**Task**
The reply should contain all the data below, repeated exactly, and none of the images.

**Available data**
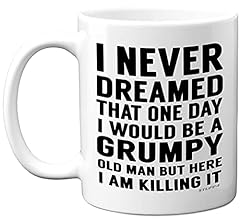 Stuff4 grumpy old for sale  Delivered anywhere in UK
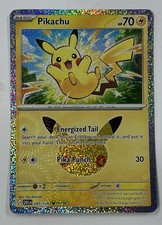 Pikachu 037/128 15/30 Pokemon 30th Celebration 2026 English Holo NM picture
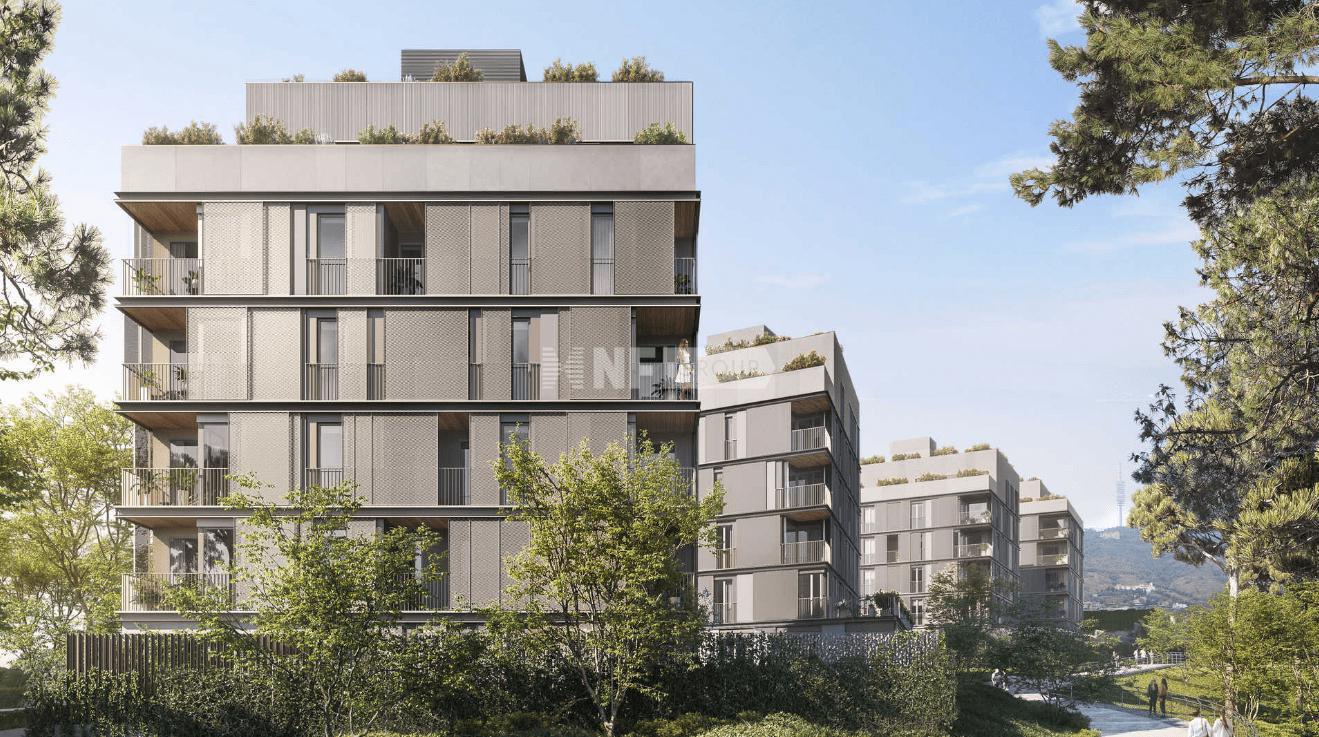 Квартира в Зона Альта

**Result**
 Stuff4 grumpy old for sale  Delivered anywhere in UK
 Pikachu 037/128 15/30 Pokemon 30th Celebration 2026 English Holo NM picture
 Квартира в Зона Альта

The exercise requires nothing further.